Прокофьев запомнил эти слова и сделал всё, чтобы этого не случилось. Его заинтересованный диалог с евразийством — как раз и был следствием усилий по выработке нового образно-тематического языка, который, по неизбежном возвращении из странствий, был бы понятен и в России.
По впечатлению Болеслава Яворского, общавшегося с Прокофьевым в мае 1926 года в Париже, Прокофьев раздваивался «между стремлением дать…обезволивающую, обезэмоционаливающую озвученность, к которой стремится современный Запад, и между присущим ему как славянину стремлением к раскрытию процесса, к борению со стихией природы» (из письма к Сергею Протопопову в Москву от 16 мая 1926 года). О том, является ли борьба с природою сугубо славянским качеством и вообще является ли она качеством, присущим именно Прокофьеву, можно поспорить. Яворский тем не менее задел нерв ситуации: Прокофьев вынужден был выбирать между, условно говоря, дорогой Стравинского, отрывом от прежних корней и новым ощущением связи с ними. Именно к 1927 году началось возвращение к тому, что Прокофьеву было свойственно с самого начала, по замесу его личности — ко встраиванию в живое «развёртывание человеческого процесса, человеческой общественности» (из того же письма Яворского).
Именно с этим настроем он и ехал в СССР.
19 января Прокофьев и Лина пересекли на поезде латвийско-советскую границу. Градусник показывал — 15 °C. «Около рельс стоял русский солдат в матерчатой каске и длинной до пят шинели. Поезд остановился и принял солдата, который через минуту появился у нашего купе и отобрал паспорта». Путешествие, начинавшееся как авантюра в духе жюльверновского полёта из пушки на Луну, постепенно приобретало черты знакомой реальности. Однако в дневнике композитор запечатлел и экзотичные и странные на его свежий взгляд черты изменившейся за девять лет родины. Прокофьева явно веселит, что досматривающие багаж красноармейцы не знают, что такое пижама (роскошь в бедном СССР), а Лина не понимает их вопроса про ночную кофточку (в России зимой ночи холодные).

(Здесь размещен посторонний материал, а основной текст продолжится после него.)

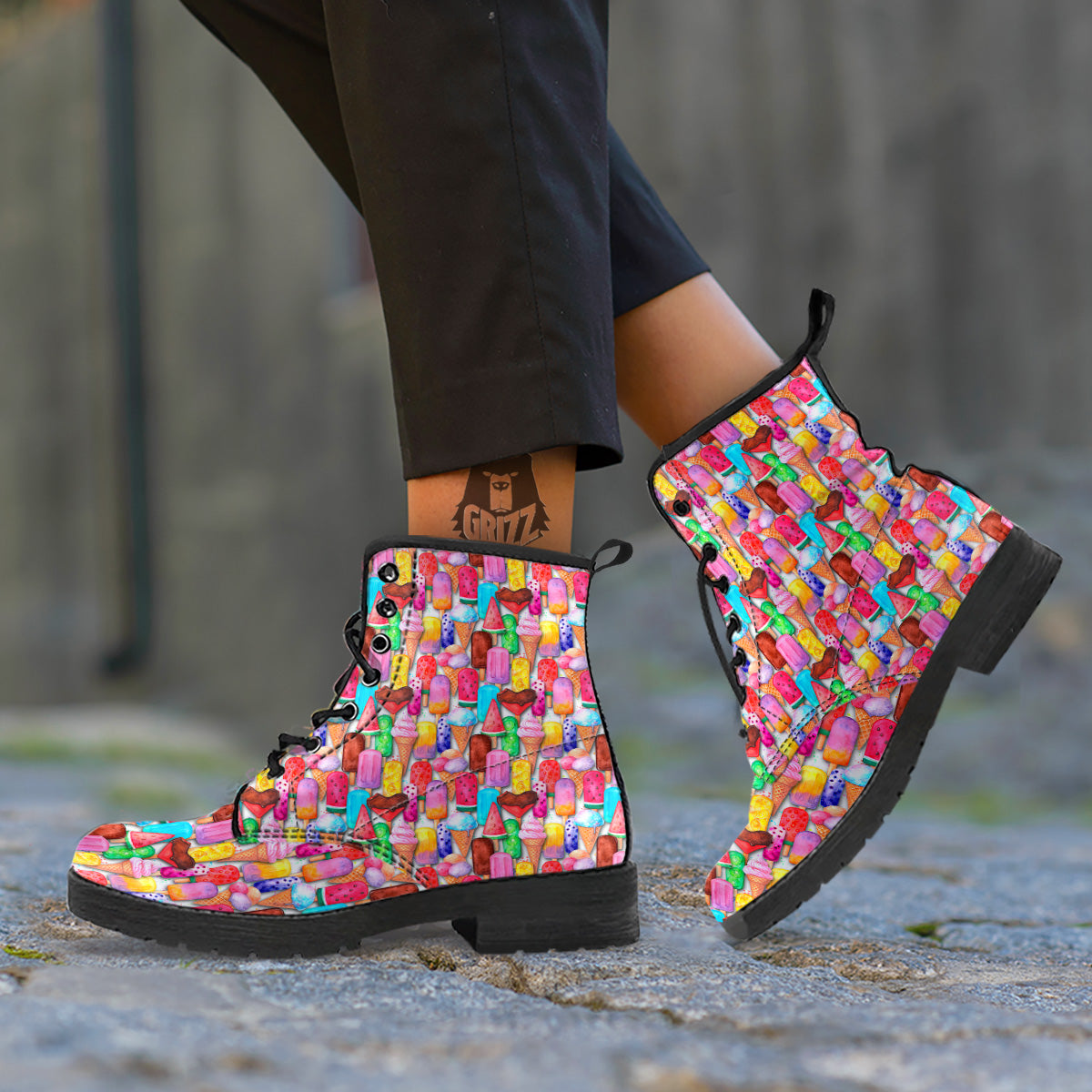 Watercolor Ice Cream Print Pattern Leather Boots-grizzshop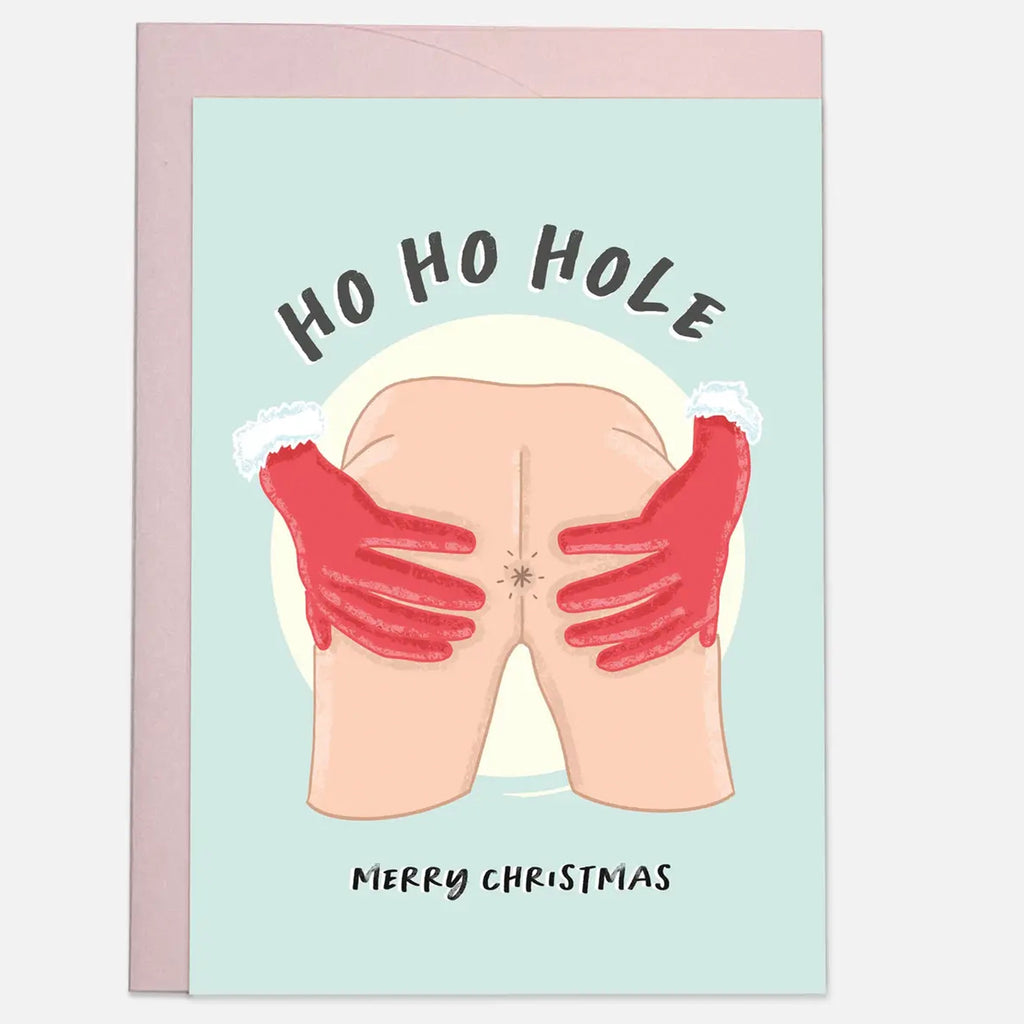 Ho Ho Hole Christmas Card white.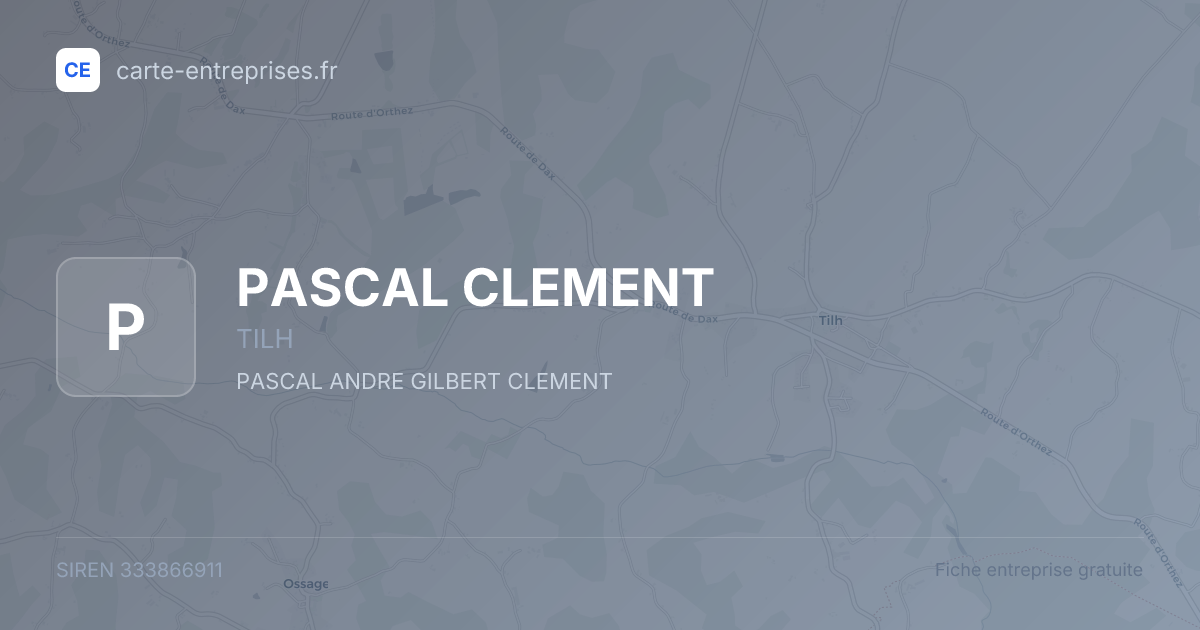 PASCAL CLEMENT — 333866911 — fiche entreprise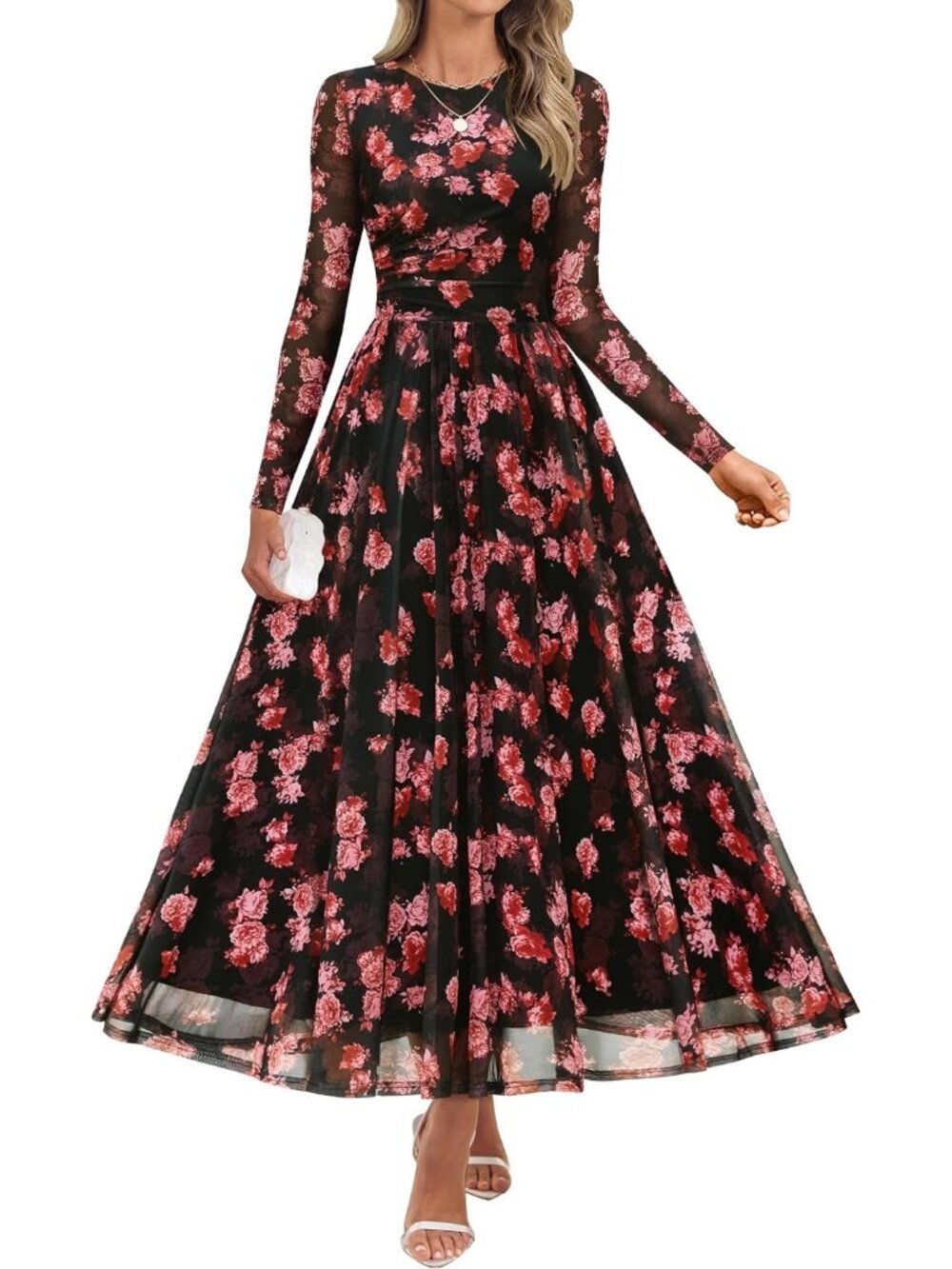 Women's Pink black Crewneck Maxi Long Sleeve Slimming Cocktail Party Dresses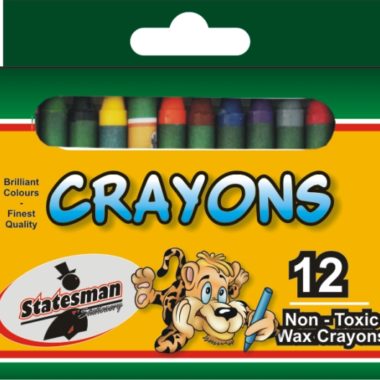 Statesman Wax Crayons 12's - Ideal For Back To School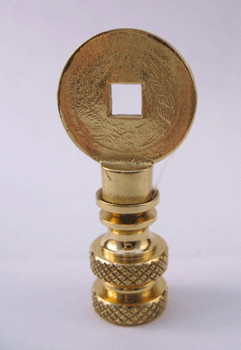 Finial:  Small Brass Asian Coin.  2" overall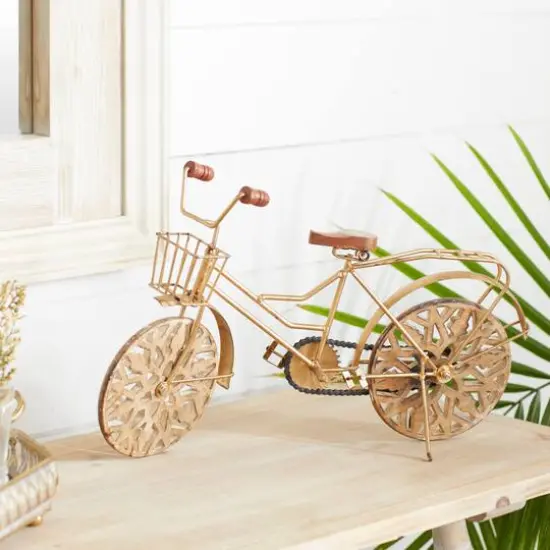 19" Vintage Gold Metal & Wood Bicycle Sculpture {9}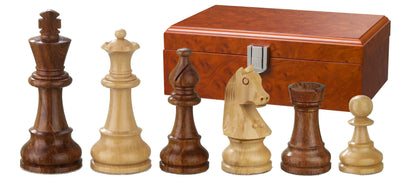3.75" Classic Acacia Chess Pieces & Burl Root Box - Official Staunton™ 
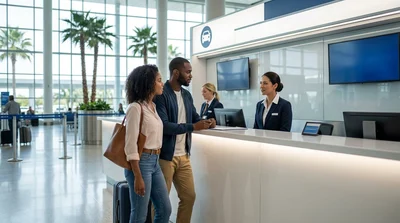 Travelers standing at a shared car hire desk inside the Orlando airport terminal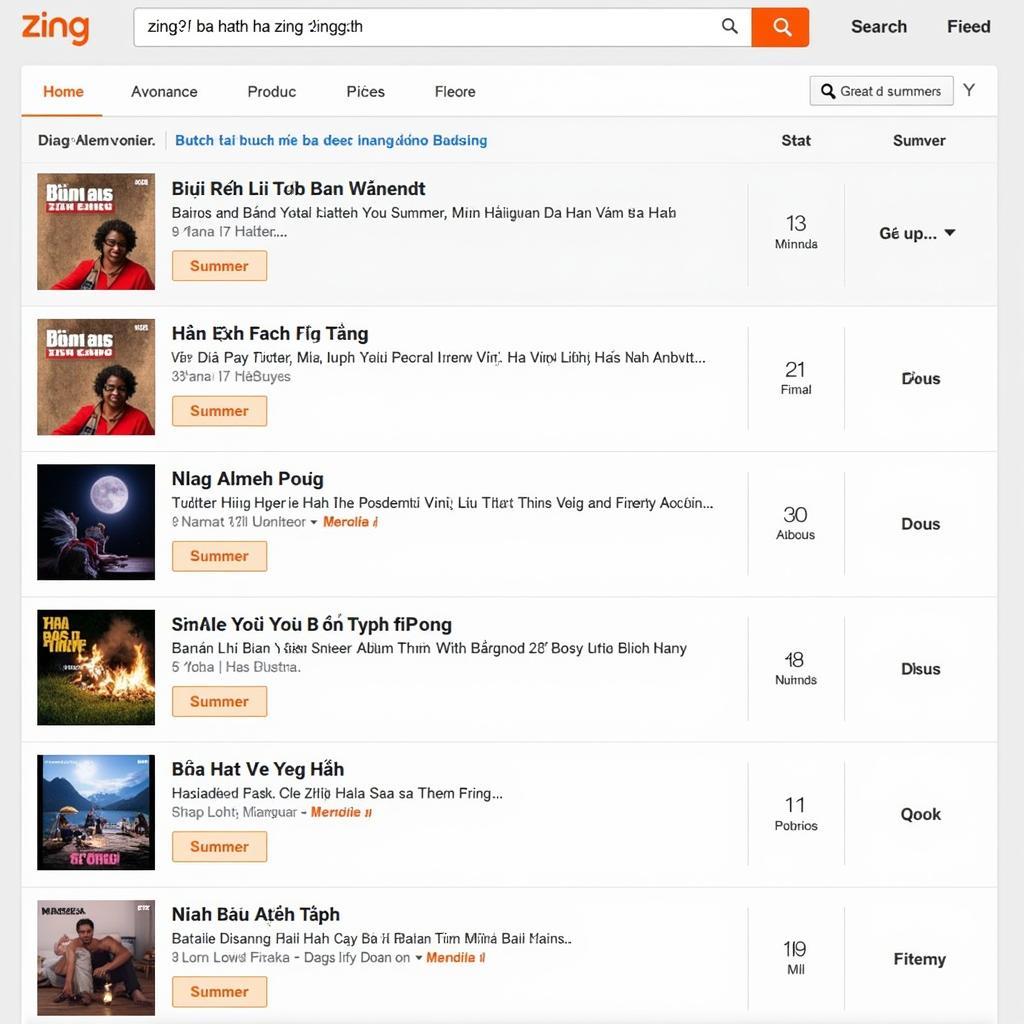 Searching for English Summer Songs on Zing MP3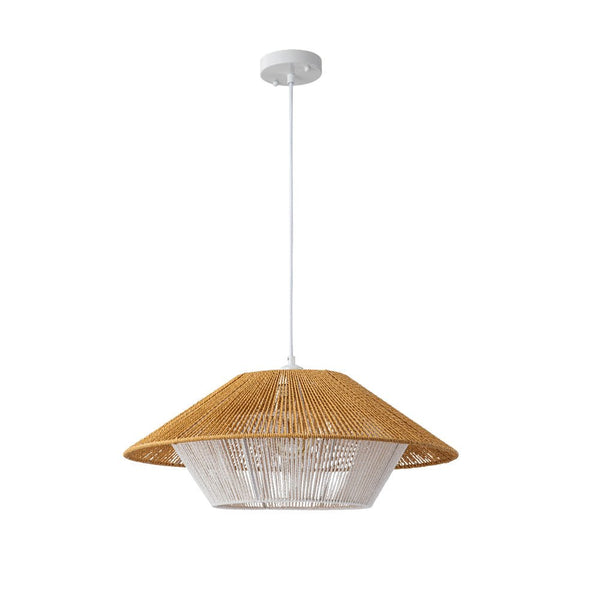 Chandelierias-Bohemian 1-Light Hat Pendant with Hemp Rope Accents-Pendant-Black-1 Bulb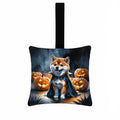 Shiba Inu Puppy Halloween Hanging Square Fabric Ornament 3.5 × 3.5 Decorative Door-Knob & Tree Hanger, Soft Fabric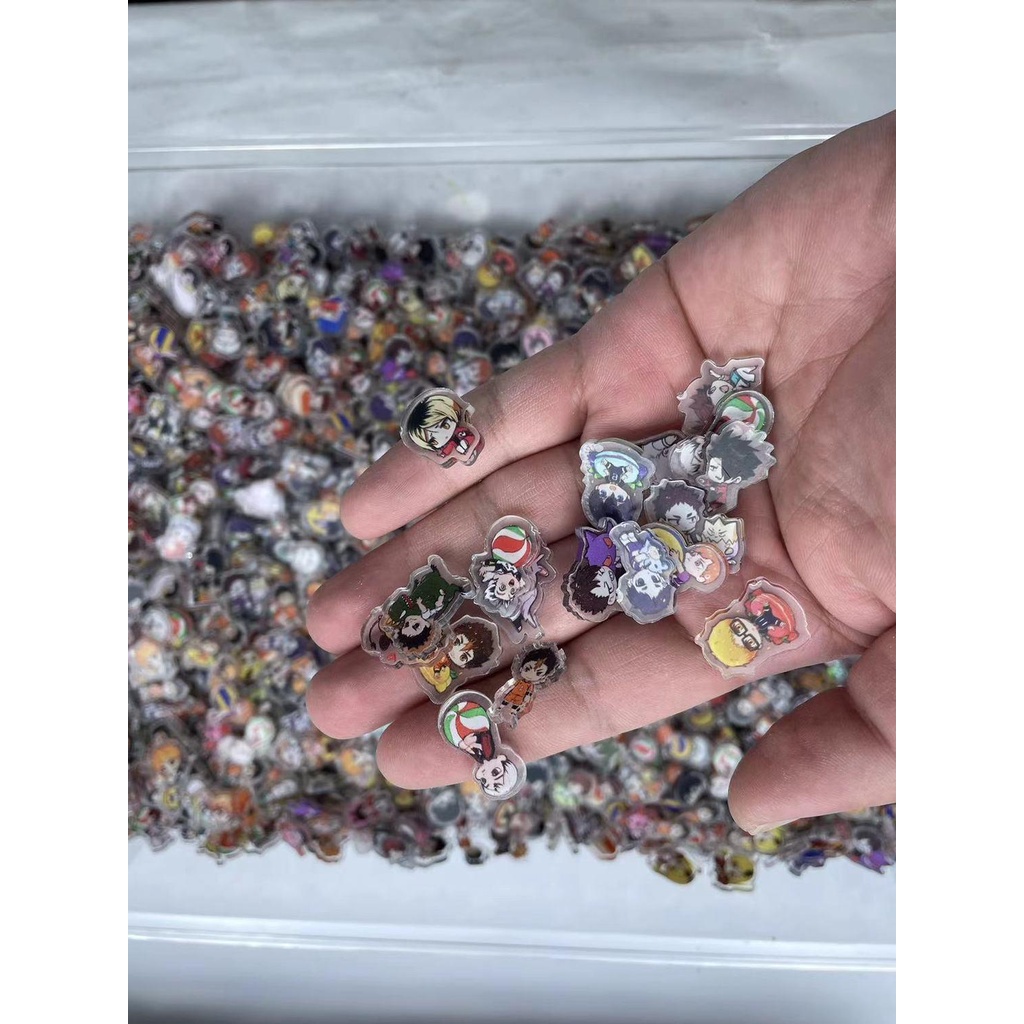 Set 5 Miếng Dán Trang Trí Điện Thoại / Tủ Lạnh Hình Bóng Chuyền Haikyuu / Cậu Bé sugawara koushi tobio DIY 2cm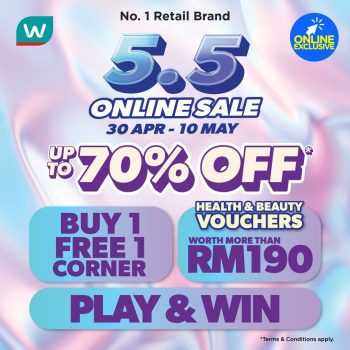 Watsons-5.5-Online-Sale-350x350 - Beauty & Health Cosmetics Johor Kedah Kelantan Kuala Lumpur Malaysia Sales Melaka Negeri Sembilan Online Store Pahang Penang Perak Perlis Personal Care Putrajaya Sabah Sarawak Selangor Skincare Terengganu 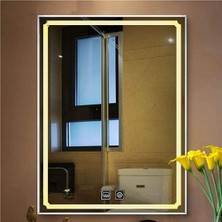 Global Led Mirror 75 x 105 cm Dokunmatik Tuşlu Buğu Çözücü Ledli Banyo Aynası Dekoratif Ayna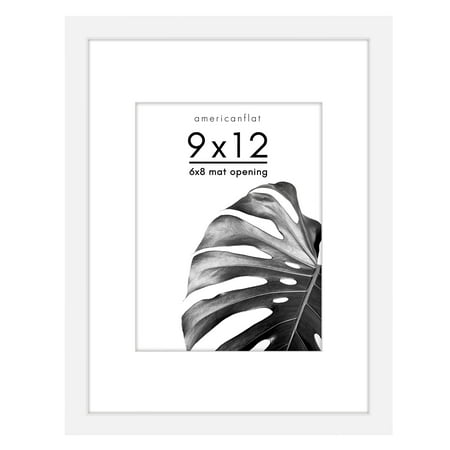 Americanflat 9x12 Picture Frame with Shatter-Resistant Glass with 6x8 Mat Display Photo Signature - White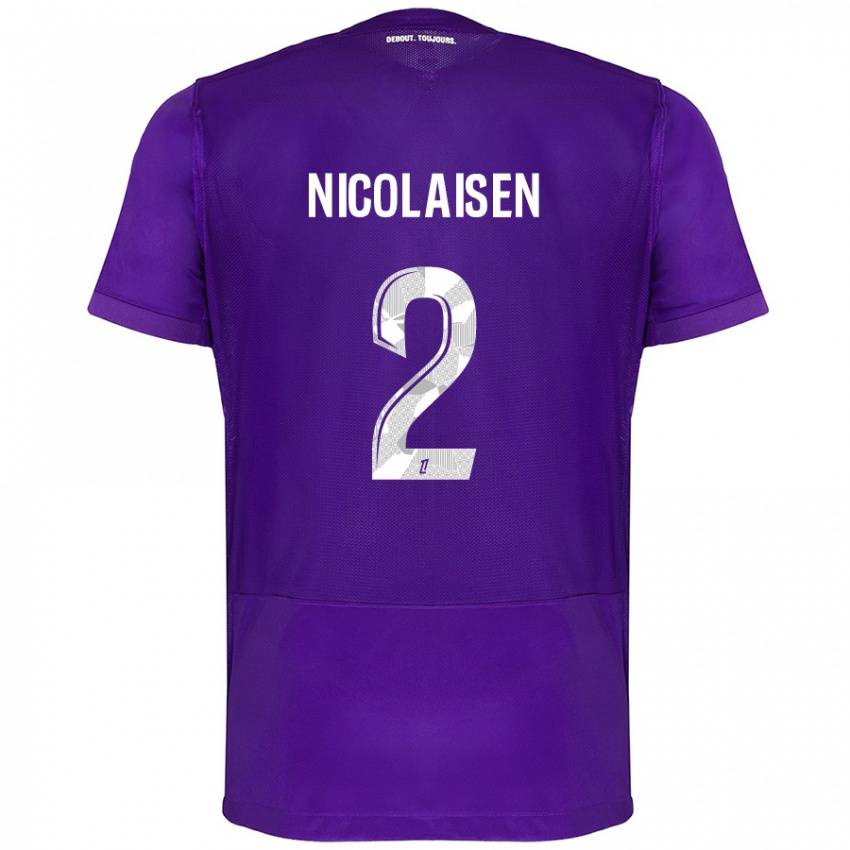 Børn Rasmus Nicolaisen #2 Lilla Hvid Hjemmebane Spillertrøjer 2024/25 Trøje T-Shirt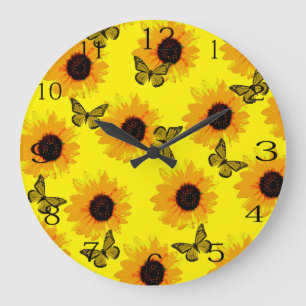 Reloj Redondo Grande Yellow Butterflies And Sunflowers,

Рано утром 20 января на Александровском (ныне — Белорусском) вокзале в Москве их встретила маленькая депутация: в основном от уникального оркестра республики Персимфанса, состоявшая из председателя правления и художественного совета Льва Цейтлина (в прошлом — концертмейстера у Кусевицкого) и ответственного за связи с правительственными органами члена ВКП(б) Арнольда Цуккера. Третьим человеком в депутации был к Персимфансу отношения не имевший и представлявший Ассоциацию современной музыки Владимир Держановский. «На ногах валенки, и вообще все они одеты в необычайные шапки, тулупы и пр., словом, та декорация, что так пугает приезжих иностранцев», — поверяет первое впечатление дневнику путешественник. Некрасиво, зато тепло в стужу.
Прокофьевых поместили в «Метрополе» — ещё недавно месте проживания высших советских административных работников, а теперь сданном в концессию немцам под развитие гостиничного дела. «В верхних же этажах частично остались ответственные работники и потому всюду была ужаснейшая грязь, за исключением, впрочем, нашего коридора, где отличный ковёр, хорошая парикмахерская и вообще чистота. Наш номер выходил прямо на Театральную, ныне Свердловскую площадь. Вид из окна восхитительный. Сам номер безукоризненно чист, просторен и с необычайно высокими потолками. Кровати — в углублении и отделены зелёной замшевой занавесью почти до потолка. Но ванны нет и вода в кувшинах. Я заказал кофе для всех, который принесли в стаканах с подстаканниками», — с изумлением записывает Прокофьев в дневнике.
На следующий день появился Асафьев, «потолстевший и поздоровевший; под пиджаком вместо жилета, рубашки и воротничка — коричневая вязаная куртка, с вязаным воротником до подбородка: тепло и не надо заботиться о чистых воротничках». За Асафьевым — Мясковский, ничуть не изменившийся. Зато Мясковский всё удивлялся внешним переменам в Прокофьеве. «…Вероятно, тому, что я потолстел и полысел», — отмечает с привычной самоиронией в дневнике наш герой. Затем — под присмотром Цуккера — последовали кулинарные радости (ели в ресторане, который держала бывшая аристократия), 22-го и 23-го — Прокофьев посетил репетиции Персимфанса, приветствовавшего нашего героя, к большому его смущению, маршем из «Трёх апельсинов». Бродя по заснеженным улицам Москвы с Асафьевым и Мясковским, он поведал им «про Сувчинского, как он живёт, на ком женат, чем занимается и что такое Евразийство, умолкая, когда попадались встречные, ибо тема была нелегальная…».